Le Danemark a fêté mardi la fin des restrictions liées à la COVID-19, malgré une hausse sans précédent des contaminations.

Il est ainsi devenu le premier pays d’Europe à tenter un retour à « la vie d’avant », après un premier essai l’automne dernier. Le masque, le passeport sanitaire, les jauges dans les bars, les restaurants, les salles de spectacles et les stades sont abolis. De très rares restrictions sont en vigueur à l’entrée du pays pour les non-vaccinés.

« Personnellement, je suis content », se réjouit Mads Holst Nørregaard, directeur dans une boîte de communication de Copenhague, en entrevue avec La Presse. « Mais je crois qu’il est très important quand même de ne pas baisser la garde trop rapidement. Les prochains variants peuvent être plus virulents, voire mortels. »

En attendant, dit-il, c’est le retour à la vie normale. « Aucune vérification du passeport sanitaire. Seules quelques personnes portent encore le masque, mais la majorité l’a déjà mis de côté. Et les élèves sont de retour à l’école comme si de rien n’était… »

« Très surprenant »

Bien des Québécois aimeraient qu’on fasse pareil. Mais les experts consultés sont d’un autre avis.
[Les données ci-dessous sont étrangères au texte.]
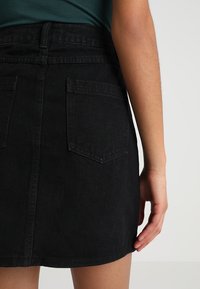 Černá džínová sukně se pevně střiženým pasem, dvěma zadními kapsami a rovného lemu. Dokončena tónovým prošíváním a jemnou texturou.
« Je trouve ça très surprenant », lance Alain Lamarre, professeur et chercheur spécialisé en immunologie et en virologie à l’Institut national de la recherche scientifique (INRS). « D’autant plus que le sous-variant d’Omicron BA.2, qui serait plus transmissible que le BA.1, est dominant au Danemark. »

La pandémie, en effet, est loin d’être endiguée dans ce pays de 5,8 millions d’habitants. Il s’agit d’une véritable flambée. Par rapport à sa population, on y compte presque quatre fois plus de nouveaux cas qu’en Allemagne et six fois plus qu’aux États-Unis (on ne peut plus comparer avec le Canada où plusieurs provinces, dont le Québec, ne font plus passer assez de tests de dépistage PCR).

Le nombre de morts suit une progression constante, mais moins explosive. Lundi, on enregistrait 3,29 décès par million d’habitants au Danemark, contre 3,9 au Québec.

« C’est risqué, insiste M. Lamarre. J’ose espérer qu’ils ont une capacité hospitalière meilleure que la nôtre, parce que si on voyait ça ici, je serais dans les premiers à dire que ça n’a pas de bon sens. »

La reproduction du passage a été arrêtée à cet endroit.